Janabadi education is not a wholesale re-writing of history but rather omitting parts of history, especially those dealing with the monarchy. The stress is on scientific vocational education so that students "receive practical knowledge to enable them to make a living." In Rolpa and Rukum very few students had studied up to SLC. Most had dropped out in grades 5, 6, 7 or 8. For these young people, a scientific practical education was far out of reach due to the mobile nature of the insurgency.

The Maoists have big plans to impart Janabadi education, claiming to have established over 35 Janabadi schools throughout the base areas in 2005. They have also constructed one model Janabadi school each in the districts of the base area. The Thawang model school building in Rolpa district can house 40 children from grades 1 to 3. It is intended to be a boarding school where children of Maoists who were killed in encounters and the poor are given preference. The Janabadi curriculum had already been finalised and the books were being printed. The booklet looked like any school curriculum except that it emphasised Maoist philosophy and the "people's war" .

Maoists' new curriculum

The Maoist Regional Peoples' Education Division' for Rukum and Rolpa has issued its curriculum for Grades 1-3 in which students will be asked to recognise the portraits of Marx, Mao and CPN-Maoist leader Prachanda.

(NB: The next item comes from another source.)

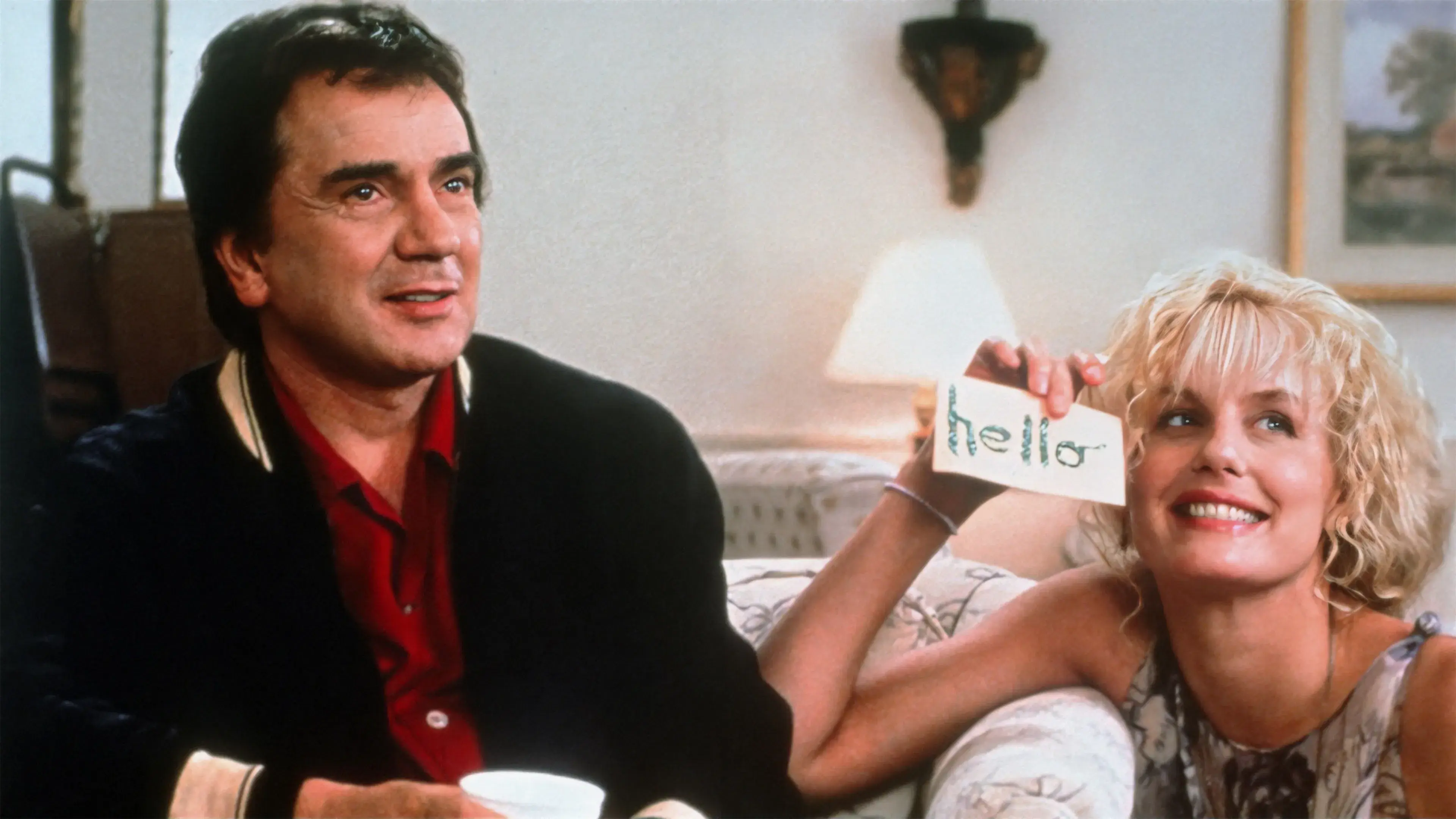 Crazy People - Muito Loucos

Students should be able to recognise the flags of the communist party, the people's council and fraternal people's organisations, to recite the full names of the party and people's government and remember the names, place and date of births and deaths of Marx, Lenin, Mao and the date and place of birth of Prachanda. In Grade 3, teachers are asked to make sure that students know the life story of Prachanda.

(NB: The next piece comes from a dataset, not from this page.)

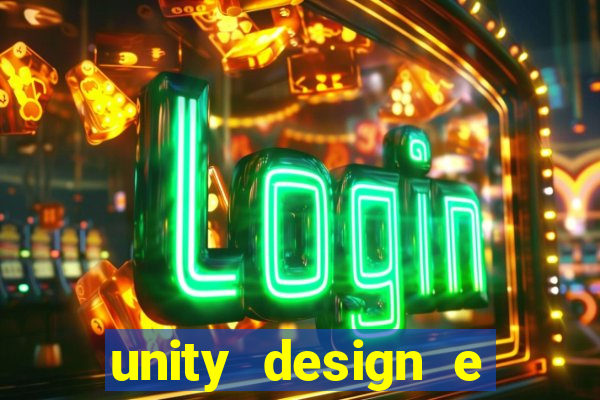 unity design e desenvolvimento de jogos pdf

The students in the Maoist strongholds have to learn about the proletarian class struggle and its leadership and martyrs.

The Maoists want to implement the new curriculum all over the country.

August 2005

A class of their own

The Maoist Grade 1-3 curriculum includes military science

The night sky is patched with dark pre-monsoon clouds and the porch of a straw-thatched mud house glows with bluish LED lamps lighting a makeshift stage. As the audience sit on straw mats, a peculiar music breaks the silence- a fusion of madal and battery powered keyboards.

Performers take turns singing revolutionary songs and dances. Two of them ridicule King Gyanendra and former prime minister Sher Bahadur Deuba. The performers are teachers who have just finished a training program on the Maoists' new curriculum for Grades 1-3 in this remote village on the border of Salyan and Rolpa.

"Education is not only rote reading like in the old regime, our teachers have to be trained," announces Bhesh Raj Bhusal (alias Dhruba) secretary of the Maoist-affiliated All Nepal Teachers' Association.